Lo shipping è uno sport estremo, fatto di evoluzioni acrobatiche, slanci che sfidano la gravità del canon e in barba ad ogni limite che vorrebbe far notare che no, non si può, non è così, non si fa, non ha senso o semplicemente che chiede “perché?”. Ed è oltraggioso, scanzonato, spudorato, ma a volte si prende tremendamente sul serio.

Lo shipping è anche un modo per esplorare, quasi di nascosto, senza nemmeno rendersene conto, il concetto stesso di narrativa, di tastare i contorni delle storie, di farsi domande su cosa voglia dire cambiare le carte in tavola quando si parla di immaginario comune, di cultura, rappresentazione, letteratura, fino a diventare uno strumento di introspezione sociale e addirittura politica.

Insomma, dentro lo shipping ci sono due lupi, via.


Entrambi, comunque, hanno problemi d’ansia.

Ecco, questo dei due lupi, da meme e gag ripetuta che era, è ormai diventato un piccolo artificio da usare come modo di esporre qualcosa, come mezzo per raccontare, si potrebbe quasi dire uno stratagemma letterario, una figura retorica, insomma.

Alla fine i meme non sono altro che luoghi comuni diventati così palesemente comuni che il loro esser reiterati diventa divertente di per sé, e non serve quasi più ripeterli del tutto, nella loro interezza per arrivare a raggiungere il risultato che si vuole, basta l’inizio, basta accennare, e tutti sanno a cosa ci stiamo riferendo.

È lo stesso identico meccanismo che sta alla base delle figure retoriche, è quello che succede con i luoghi comuni, con i cliché o quelli che nel mondo dello shipping e del fandom vengono più comunemente chiamati tropes.

I tropes, o tropi, non sono altro che questo: luoghi comuni, situazioni, convenzioni, espedienti narrativi che vengono usati e comunemente riconosciuti per raccontare una storia e il mondo dello shipping ne fa un uso abbondantissimo e creativo, sin dall’inizio.

Cosa sono quindi i tropes? Proviamo a dare una definizione semplice e diretta; sono tutti quei luoghi comuni narrativi che vengono utilizzati come premessa per raccontare.

Possono essere una situazione di partenza, come per esempio, il classico “chiusi in una stanza” dove due o più personaggi di una storia si trovano forzatamente a convivere per un certo periodo di tempo, o un’ atmosfera generale di ambientazione, come nel caso del trope "post apocalittico", oppure possono avere a che fare con gli sviluppi dei rapporti tra personaggi, come nelle storie che stanno sotto l'ombrello dell’ "enemies to lovers”.

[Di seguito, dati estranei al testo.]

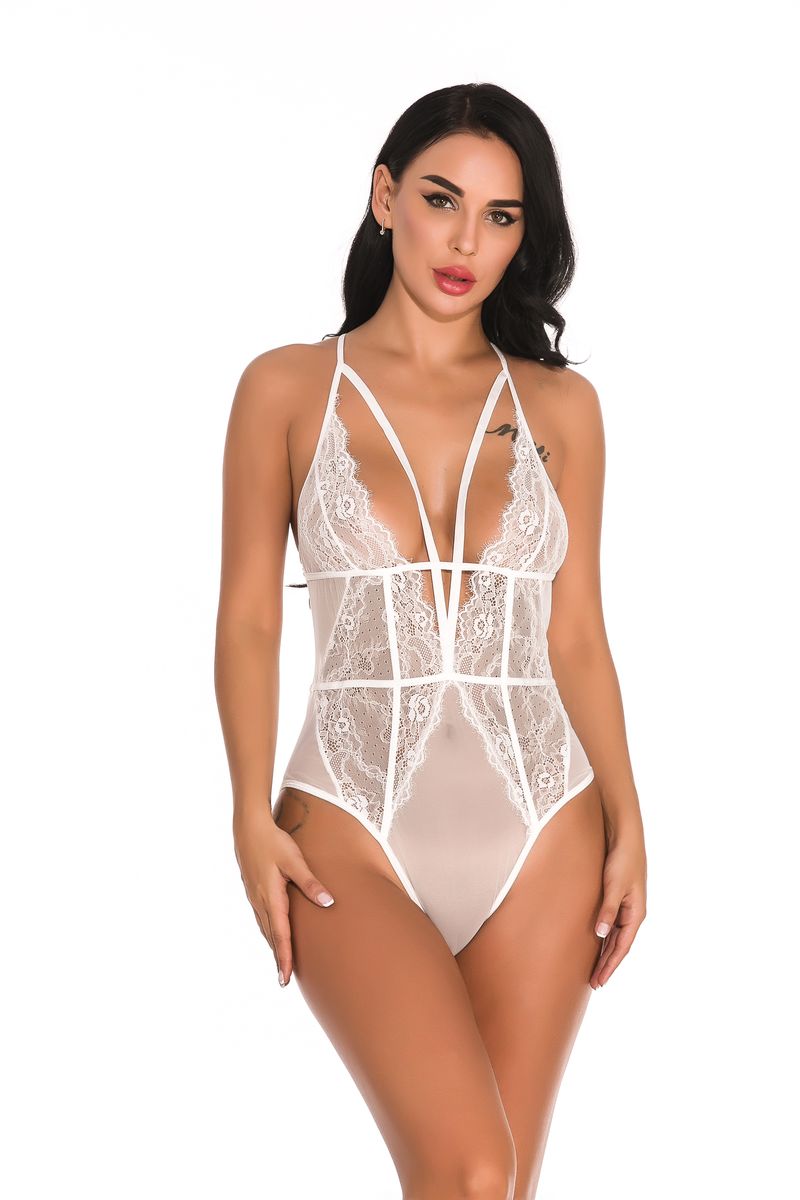 MODEL2YO Body en dentelle florale transparent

I tropes sono tematiche, situazioni, presupposti, a volte sono dei gimmick, dei trucchetti fatti per attirare l'attenzione, sono quella parte della narrazione che si ripete, che trovi in questa storia e anche in quella, e in quell’altra, fino a che ne riconosci il pattern, sai anche probabilmente dove andrà a parare, ma non ti dispiace, anzi. It’s not a bug. It’s a feature.

I tropes sono quindi cliché? Sì e no, perché alla fine, nella parola cliché c’è una connotazione di critica, di giudizio negativo, che implica che siano triti, banali, scontati in maniera sgradevole e condannabile. Invece il trope è sereno nel suo essere prevedibile, gioca con lo stereotipo a carte scoperte.

Trope, insomma, ma perché si chiamano così e da dove viene il termine? È una parola inglese, tanto per cambiare, ma viene, come spesso succede, dal greco e dal significato di volgere, girare all’indietro… insomma, rigirare, rivoltare la frittata, ed è un modo per riferirsi, simbolicamente al dire qualcosa per aver un altro effetto, una cosa per l’altra, una figura retorica, insomma.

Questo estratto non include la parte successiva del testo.